My Soft Machine expands that sonic palette while also digging in deeper emotionally—even when Parks is describing the ways in which she tries to numb out. "I wish I was bruiseless," she mumurs on the album's dreamy opener, rueing her own lost innocence while regretting her powerlessness against shielding others from malevolent forces, including all the complex, not-always-positive feelings tied up in the word "love."
Parks has a skill for inviting listeners not only into her mind, but into her immediate environment, and the effects bring her racing emotions right to the forefront. The gently groove-forward "Blades" places Parks’ longing for an ex-intimate amidst a party outfitted with totems of the good life—Diptyque candles, tequila cocktails—that only make the "regret… flowering inside me while I’m scooping ice" hit harder. "Purple Phase" is a rain-slicked chronicle of seeing a friend in crisis, Parks’ asides about the possibility of her depressed companion getting better—"I just want to see her iridescent charming cats down from trees," she exclaims in a sing-song voice—contrasting sharply with the images of her falling into depression.
That talent extends to Parks’ cheerier moments, too. The grunge-soul love song "Devotion" explodes into a chunky riff at its climax, its lyrical references to Deftones and Kim Deal becoming alive in its 2023 vision of the alt-rock era's poppiest peaks. "Impurities" is a sun-dappled love song where cascades of synth wash over a smoothly sauntering beat; Parks is fully enthralled in the idea of being seen as a full human—"I radiate like a star… when you embrace all my impurities," she trills on the chorus, secure enough in herself to be okay with any flaws her lover might have: "Don't hide the bruise, I know it's hard to be alive sometimes."
On the darkly hued "Puppy," she offers a glimpse of one of those times as she recounts her sympathies for a friend who's lost his mother—but she gazes inward with a more gimlet eye, musing, "And I’ve never felt like loss like that/ And I pray I don't have to." Of course, the prospect of "things [that] hurt forever" is always lurking, and Parks knows this; the pensive, layered "I’m Sorry" admits it, with Parks—surrounded by synths and a buried-in-the-mix arpeggiated guitar—apologizing for her inability to let people in because "it's easier to be numb."

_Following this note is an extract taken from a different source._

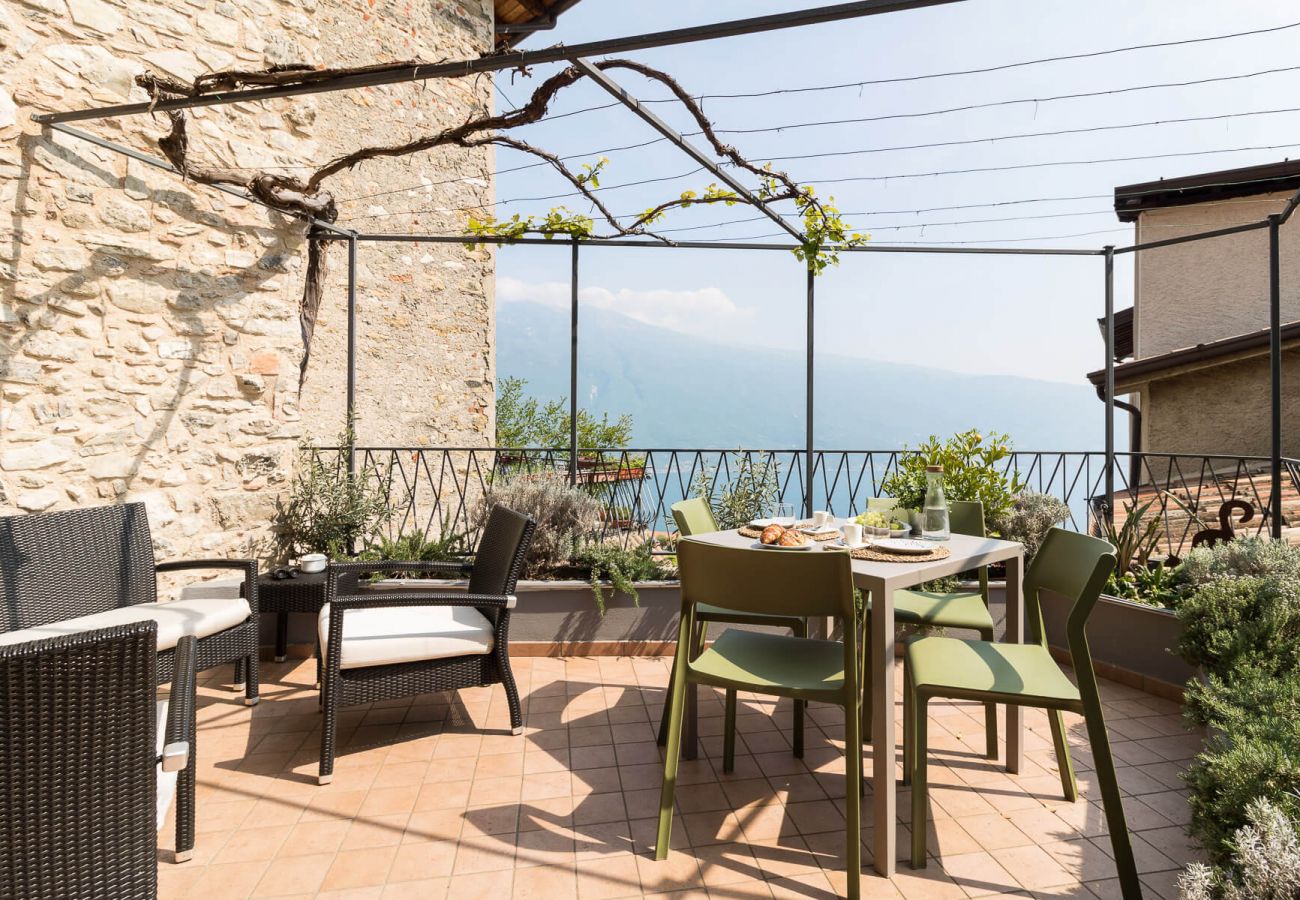 Ferienwohnung in Tignale - Rustico Minichèto -La Vigna: gepflegte Wohnung mit Balkon mit Seeblick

"You got me feeling hyper real/ And I wanna belong to you," Parks sings on "Dog Rose," which pairs pointillistic lyrics with swirling guitars in a way that evokes early infatuation's headiest mind-benders. Parks’ second album shows her hyper-real point of view, seizing on details in a way to figure out her place in the world, one where she can feel pure joy while bracing herself and her loved ones against life's slings and arrows.